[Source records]
============
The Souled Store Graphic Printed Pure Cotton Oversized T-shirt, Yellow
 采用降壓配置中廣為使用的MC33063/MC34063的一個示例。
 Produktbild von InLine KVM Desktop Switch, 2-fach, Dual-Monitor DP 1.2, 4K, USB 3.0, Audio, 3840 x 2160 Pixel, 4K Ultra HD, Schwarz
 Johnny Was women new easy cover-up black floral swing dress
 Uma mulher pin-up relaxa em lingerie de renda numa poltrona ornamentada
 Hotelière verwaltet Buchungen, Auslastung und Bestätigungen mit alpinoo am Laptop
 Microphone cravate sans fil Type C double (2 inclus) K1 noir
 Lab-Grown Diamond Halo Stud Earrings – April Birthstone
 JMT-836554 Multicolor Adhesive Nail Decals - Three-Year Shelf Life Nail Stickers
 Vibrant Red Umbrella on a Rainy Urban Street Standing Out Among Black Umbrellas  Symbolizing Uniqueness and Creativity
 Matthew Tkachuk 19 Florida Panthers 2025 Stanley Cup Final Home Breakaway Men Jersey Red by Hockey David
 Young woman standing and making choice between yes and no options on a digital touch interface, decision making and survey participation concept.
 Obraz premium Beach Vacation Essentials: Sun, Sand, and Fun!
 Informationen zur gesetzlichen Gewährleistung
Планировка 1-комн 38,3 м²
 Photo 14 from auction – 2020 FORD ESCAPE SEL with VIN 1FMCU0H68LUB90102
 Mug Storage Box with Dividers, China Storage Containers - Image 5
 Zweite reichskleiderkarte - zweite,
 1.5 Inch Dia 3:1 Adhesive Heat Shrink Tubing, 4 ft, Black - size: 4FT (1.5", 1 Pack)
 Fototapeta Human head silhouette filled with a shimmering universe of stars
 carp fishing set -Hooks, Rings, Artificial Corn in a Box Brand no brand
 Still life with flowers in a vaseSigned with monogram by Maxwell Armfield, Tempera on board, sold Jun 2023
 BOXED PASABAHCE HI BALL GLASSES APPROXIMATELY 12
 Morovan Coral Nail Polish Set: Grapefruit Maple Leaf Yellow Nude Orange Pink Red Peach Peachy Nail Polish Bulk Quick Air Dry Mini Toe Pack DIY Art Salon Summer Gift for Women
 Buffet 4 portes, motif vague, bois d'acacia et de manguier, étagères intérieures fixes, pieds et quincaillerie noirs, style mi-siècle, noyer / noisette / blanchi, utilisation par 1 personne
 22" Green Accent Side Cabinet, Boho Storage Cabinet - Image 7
============
### Task description
Which lines in the entries above contain "Nail"? Pull each of them out.

### Solution to the problem
 JMT-836554 Multicolor Adhesive Nail Decals - Three-Year Shelf Life Nail Stickers
 Morovan Coral Nail Polish Set: Grapefruit Maple Leaf Yellow Nude Orange Pink Red Peach Peachy Nail Polish Bulk Quick Air Dry Mini Toe Pack DIY Art Salon Summer Gift for Women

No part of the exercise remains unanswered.